A hegemonia cultural dos Estados Unidos ergueu-se sobre as rodas do automóvel e as lentes de Hollywood, exportando um ideal de consumo que ainda dita as aspirações globais

1.

Dois fenômenos foram fundamentais para projetar o “modo de vida norte-americano” (o “american way of life) como o estilo de vida mais ambicionado no mundo no século passado e, de alguma forma, também neste século.

O primeiro foi o automóvel, como a mercadoria mais importante que os Estados Unidos produziram e fizeram com que se tornasse a mercadoria mais ambicionada no mundo. Sobretudo para a classe média que, quando tinha possibilidade de acesso ao carro próprio, se distanciava claramente das condições de vida da massa com menor poder aquisitivo que ela, condenada ao transporte coletivo.

Com o carro próprio, as pessoas ganhavam a liberdade de ir e vir, de se deslocar, indo para lugares impossíveis para a maioria da população. A imagem mais difundida e ambicionada de consumo passou a ser a de uma pessoa com um carro conversível, fumando cigarro e com uma loira ao seu lado. A combinação entre carro, cigarro e mulher bonita representava o objetivo de vida mais ambicionado e promovido pelo marketing.

Mesmo quando passaram a concorrer com os Estados Unidos, o Japão e a Alemanha passaram a fabricar carros melhores que os norte-americanos, mas assumiram o carro como a mercadoria de maios ambição de consumo.

O outro fenômeno determinante da hegemonia do estilo de vida norte-americano no mundo – e que sobrevive, mesmo quando a hegemonia dos Estados Unidos como potência mundial se debilita, é Hollywood, o cinema norte-americano.

Por meio de seus filmes, Hollywood passou a produzir não apenas uma atividade de prazer que rapidamente se estendeu por todo o mundo. Mas também produziu a universalização de muitos dos seus valores. Os filmes de cow-boy personificavam, por um lado, o “mocinho” e, por outro, os bandidos. Estes, os peles vermelhas, eram simplesmente as populações indígenas, defendendo suas terras originárias, consideradas de apropriação indevida pelos produtores das películas.

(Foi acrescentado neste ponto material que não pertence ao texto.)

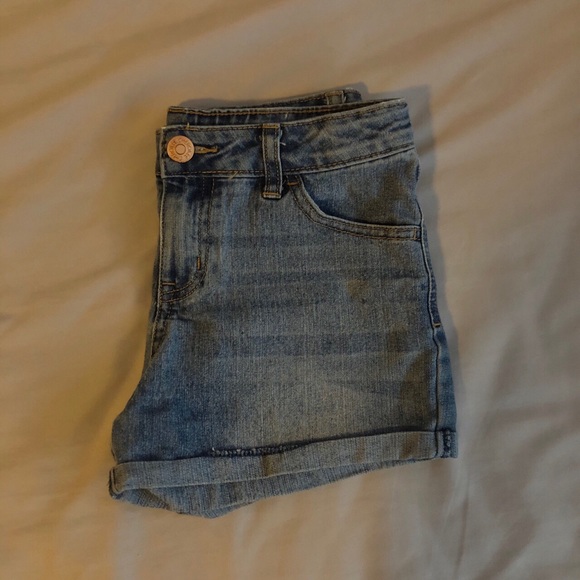 Light Washed Denim Shorts - Picture 2 of 4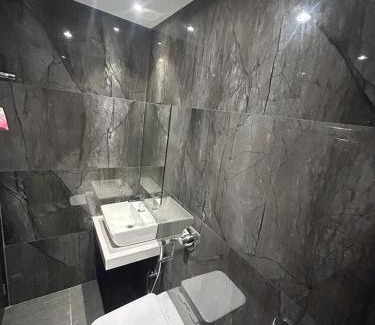 Goregaon East Hotel | MIG SUITES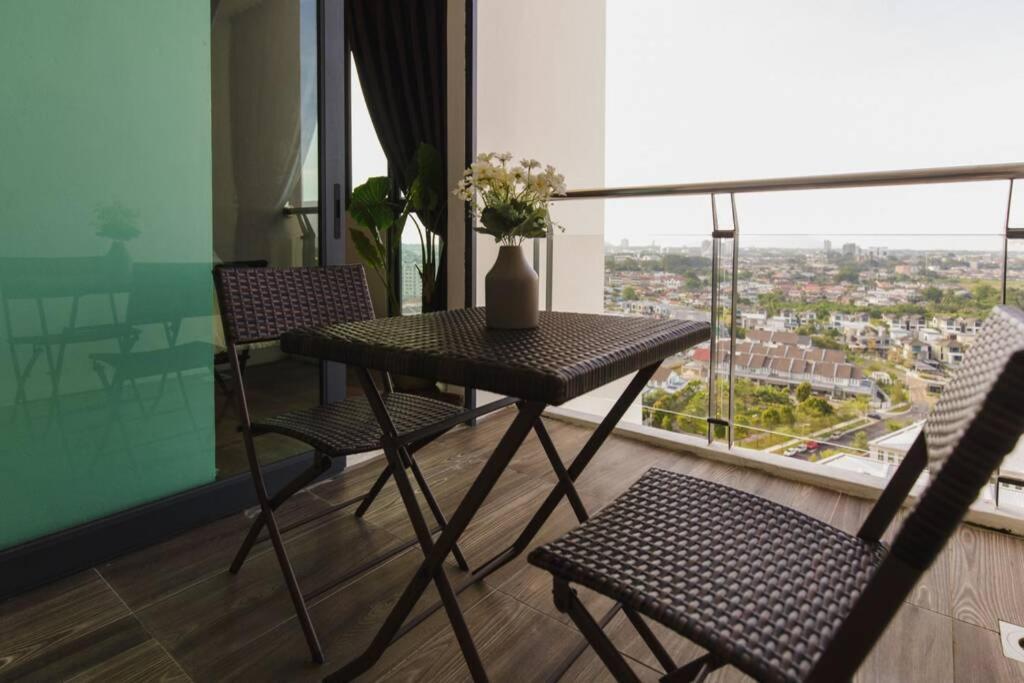 Jazz Suites 1 Vivacity Кучинг Екстериор снимка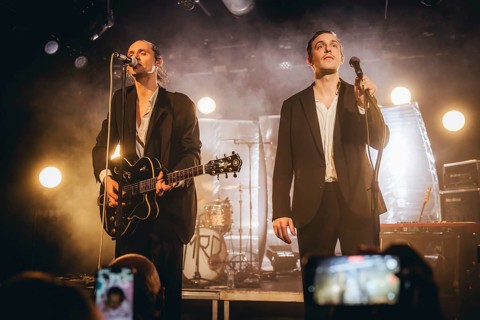 Singer Ben Hartmann and pianist Johannes Aue from Billions live on 10 years of cocaine and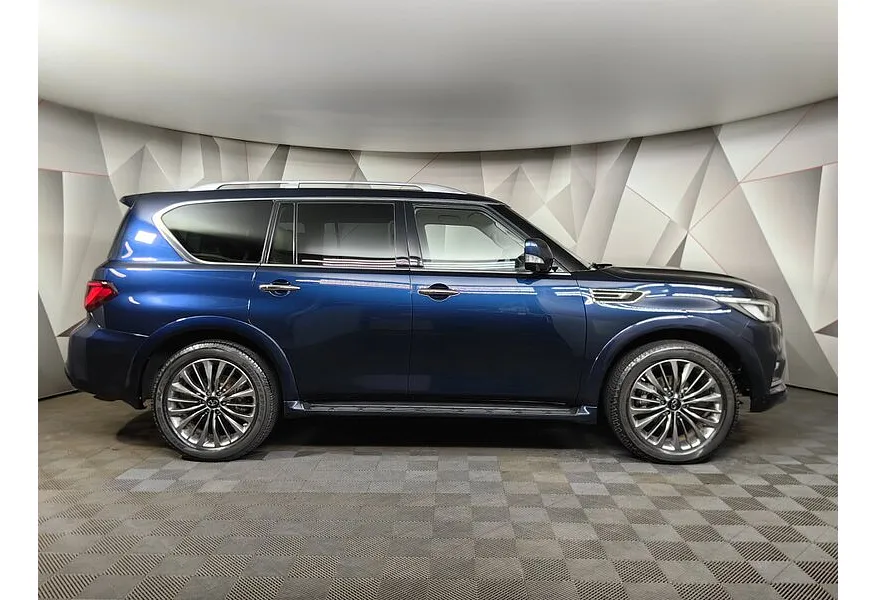 LIVE. Слайд №4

Assim se projetava a imagem glamourizada dos personagens reais do imperialismo, personificadas em grandes atores cinematográficos. Estes, por sua vez, se tornavam as imagens dos homens mais bonitos, encantadores, que dispunham, por sua vez, das mulheres mais belas.

 

2.

Já os filmes de guerra, outro estilo tão popular dos filmes de Hollywood, representavam sempre os bons, brancos, ocidentais, em guerra contra populações de outras identidades, não brancos, negros ou asiáticos, que representavam os “maus”.

Hollywood nunca tematizou o nazismo, porque os alemães são iguais a eles: brancos, imperialistas. O único filme que o fez, O grande ditador, do Charlie Chaplin, que não era norte-americano, e teve que sair do país assim que o filme, que ridicularizava o Hitler, foi estreado.

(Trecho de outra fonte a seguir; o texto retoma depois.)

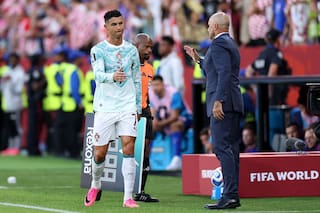 Cristiano marcó para Portugal tras un llamado del VAR, que le había anulado un golazo, y se fue enojado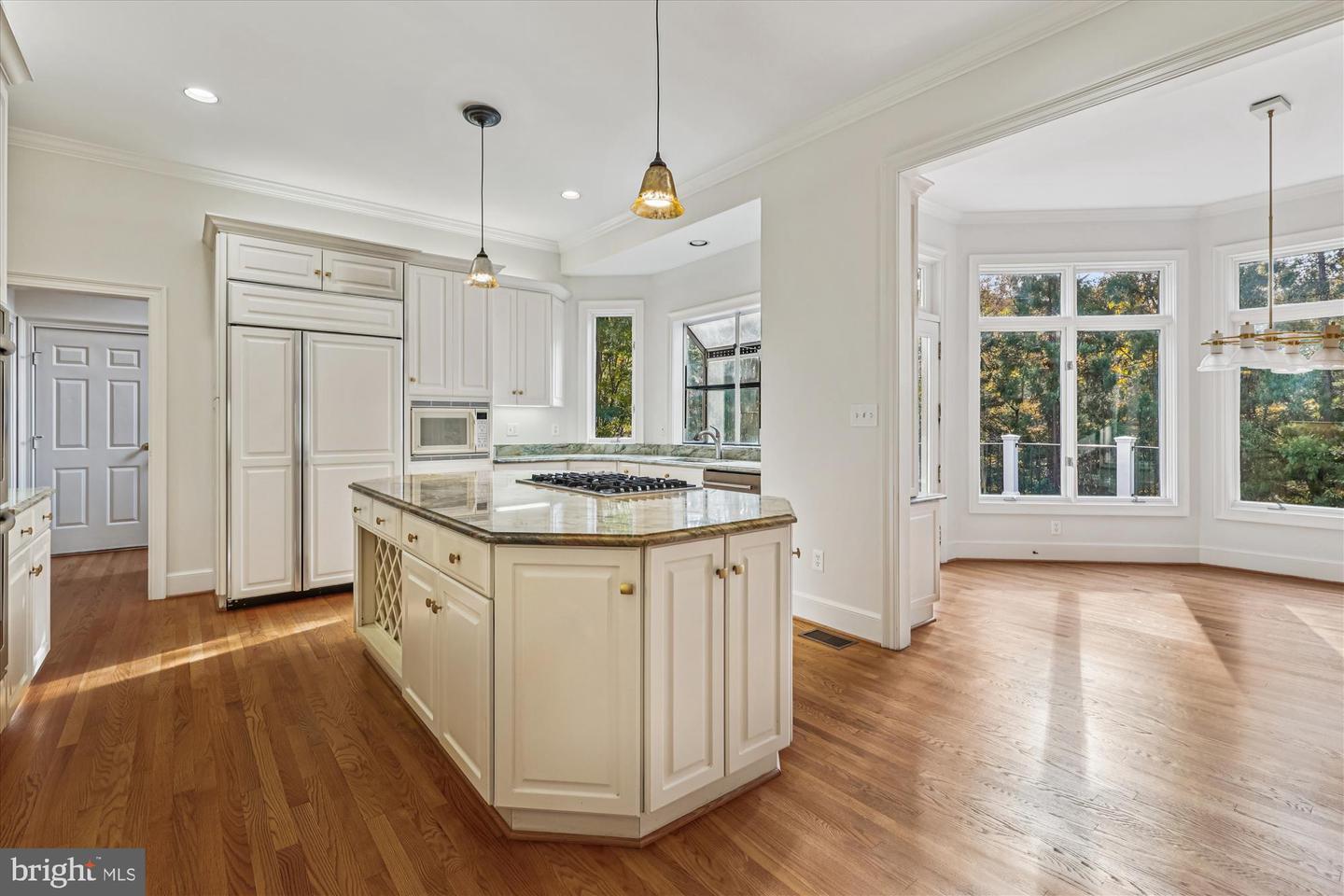 3010 WESTHURST CT, OAKTON, Virginia 22124, 5 Bedrooms Bedrooms, ,4 BathroomsBathrooms,Residential,For sale,3010 WESTHURST CT,VAFX2276888 MLS # VAFX2276888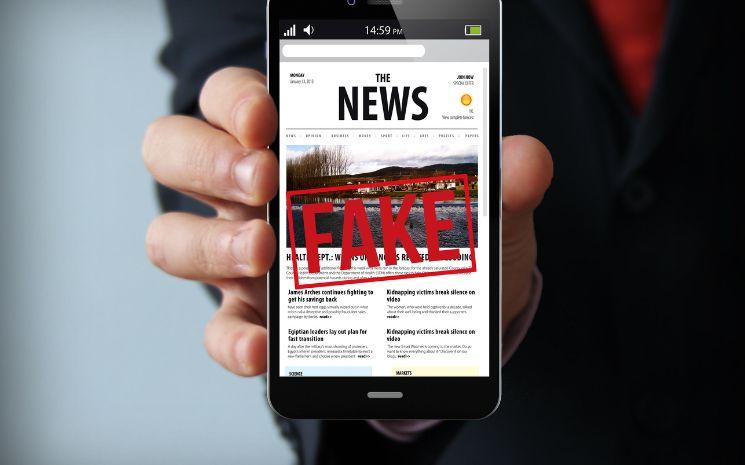 n ancien journaliste de lepetitjournal.com Johannesburg, du nom d’Alexandre Capron, est devenu le présentateur de l’émission Infos ou Intox, anciennement tous les lundis à 9h45 sur France 24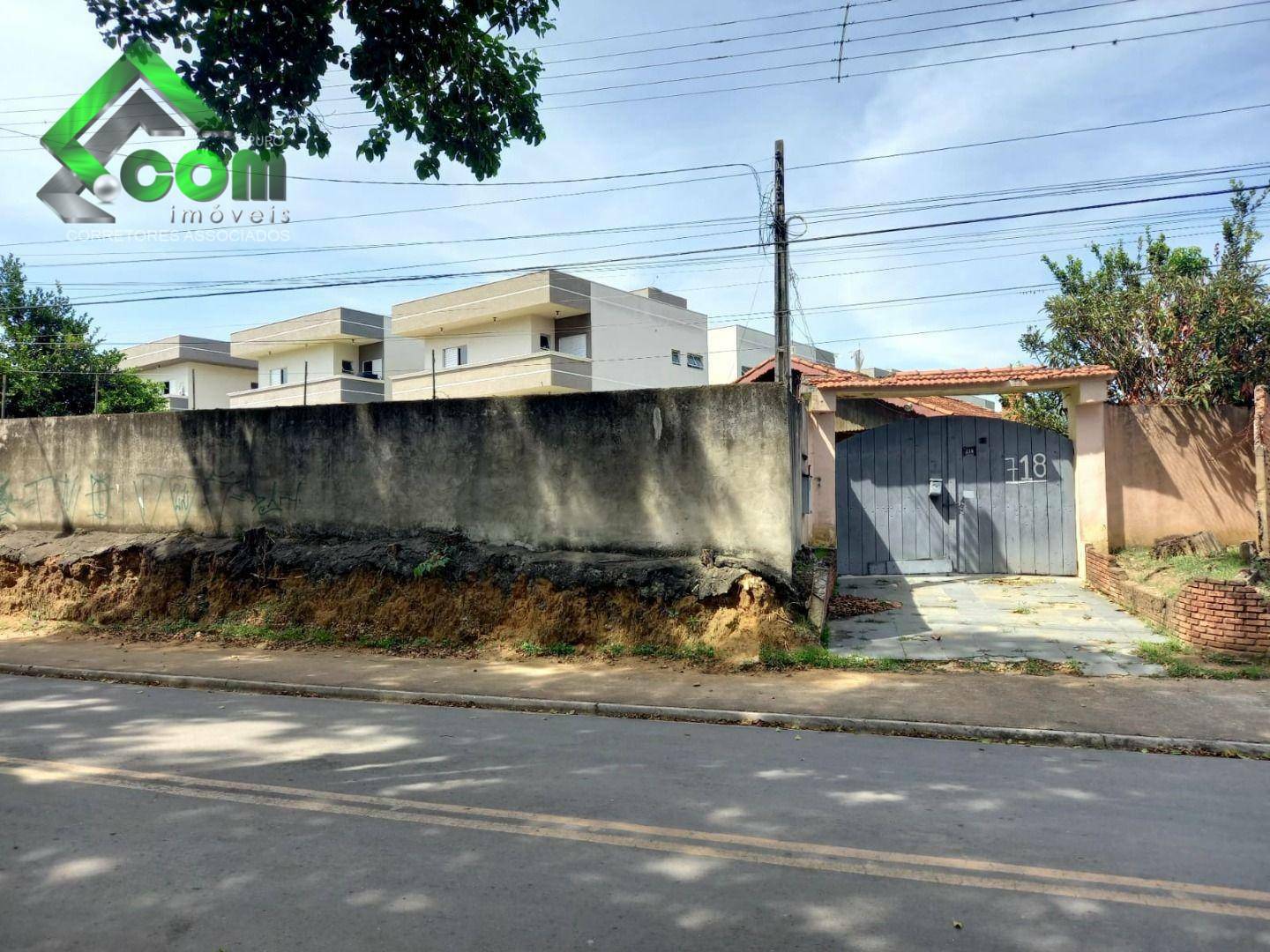 Casa à venda com 3 quartos, 199m² - Foto 1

Dessa maneira Hollywood difunde pelo mundo o objetivo das pessoas ser felizes, realizadas, uma forma de vida calcada no “modo de vida norte-americano”. Não há outra proposta que compita com essa no mundo de hoje.

Os shopping-center na China são bonitos e maiores que os do Ocidente, mas com as mesmas marcas, reproduzindo o mesmo estilo de vida e de consumo.

Assim como os carros seguem universalizados como mercadoria que renova seus modelos a cada ano, projetando novos modelos, pelo mundo afora. Este segue sendo o elemento ainda mais forte da influência do “modo de vida norte-americano” no mundo globalizado de hoje.